6. The exhaust treatment system of claim 5, further including an exhaust cooler located upstream of the mixing valve.

7. The exhaust treatment system of claim 5, further including an intake air passageway configured to direct atmospheric air to a compressor, wherein the mixing valve is disposed at an inlet of the intake air passageway.

8. The exhaust treatment system of claim 1, wherein the catalytic device includes a first catalyst filter and a second catalyst filter disposed in series to generate the backpressure.

9. The exhaust treatment system of claim 1, wherein the catalytic device is a NOx reducer.

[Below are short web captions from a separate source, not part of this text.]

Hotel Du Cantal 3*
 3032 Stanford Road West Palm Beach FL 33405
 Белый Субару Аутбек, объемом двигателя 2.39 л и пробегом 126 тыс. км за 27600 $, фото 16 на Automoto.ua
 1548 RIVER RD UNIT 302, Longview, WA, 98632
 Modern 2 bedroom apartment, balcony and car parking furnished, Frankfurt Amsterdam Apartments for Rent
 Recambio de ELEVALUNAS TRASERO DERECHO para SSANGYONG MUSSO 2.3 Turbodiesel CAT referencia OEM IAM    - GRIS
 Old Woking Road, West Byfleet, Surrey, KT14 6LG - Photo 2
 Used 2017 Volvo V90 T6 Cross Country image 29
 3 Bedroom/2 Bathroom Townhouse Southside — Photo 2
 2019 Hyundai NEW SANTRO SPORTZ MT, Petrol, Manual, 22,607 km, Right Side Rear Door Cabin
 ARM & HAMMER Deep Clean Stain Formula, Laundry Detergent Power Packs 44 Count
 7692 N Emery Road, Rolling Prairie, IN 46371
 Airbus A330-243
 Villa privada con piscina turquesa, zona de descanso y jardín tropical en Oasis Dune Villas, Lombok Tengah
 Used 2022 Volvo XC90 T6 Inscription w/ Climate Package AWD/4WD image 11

10. A method of producing power, comprising:

mixing intake air with fuel;

combusting the mixture to generate power and a flow of exhaust;

utilizing the exhaust to compress the intake air;

removing particulate matter from the exhaust;

catalyzing the exhaust to reduce a constituent of the exhaust; and

redirecting the particulate-reduced exhaust to mix with the intake air, wherein the step of catalyzing creates a backpressure within the exhaust sufficient to ensure that, under normal combustion conditions above low idle, the exhaust can be redirected to mix with the intake air without throttling of the intake air.

11. The method of claim 10, wherein the step of catalyzing includes creating a backpressure of between 10-30 kPa at rated combustion conditions.

12. The method of claim 11, wherein the step of catalyzing includes creating a backpressure more preferably between 10-15 kPa at rated combustion conditions.

13. The method of claim 10, wherein the step of catalyzing includes creating a minimum backpressure of at least 1 kPa under normal combustion conditions above low idle.

14. The method of claim 10, wherein catalyzing includes a first stage of catalyzing and a second stage of catalyzing, each of the first and second stages of catalyzing increasing the backpressure.

15. The method of claim 10, wherein the constituent is an oxide of nitrogen.

16. A combustion engine, comprising:

an engine block at least partially defining a combustion chamber;

an air induction system configured to direct air into the combustion chamber, the air induction system having an intake air passageway communicating atmospheric air with a compressor;

an exhaust system configured to direct exhaust from the combustion chamber, the exhaust system including: a turbine driven by the exhaust; a particulate filter disposed in series with and located downstream of the turbine; and at least one NOx reducer disposed in series with and located downstream of the particulate filter;

an exhaust gas recirculation system configured to selectively redirect at least a portion of the exhaust from between the particulate filter and the NOx reducer to the air induction system, wherein the NOx reducer is selected to create a backpressure within the exhaust system sufficient to ensure that, under normal engine operating conditions above low idle, exhaust can flow into the air induction system without throttling of the air directed into the engine; and

a mixing valve, configured to control the ratio of intake air and exhaust entering the combustion chamber, wherein the mixing valve is disposed within the intake air passageway.

17. The combustion engine of claim 16, wherein the catalytic device creates a backpressure of between 10-30 kPa at rated engine conditions.

18. The combustion engine of claim 17, wherein the catalytic device creates a backpressure more preferably between 10-15 kPa at rated engine conditions.

19. The combustion engine of claim 16, wherein the catalytic device creates a minimum backpressure of at least 1 kPa under normal engine operating conditions above low idle.

20. The combustion engine of claim 16, further including a cooler disposed between the particulate filter and the mixing valve.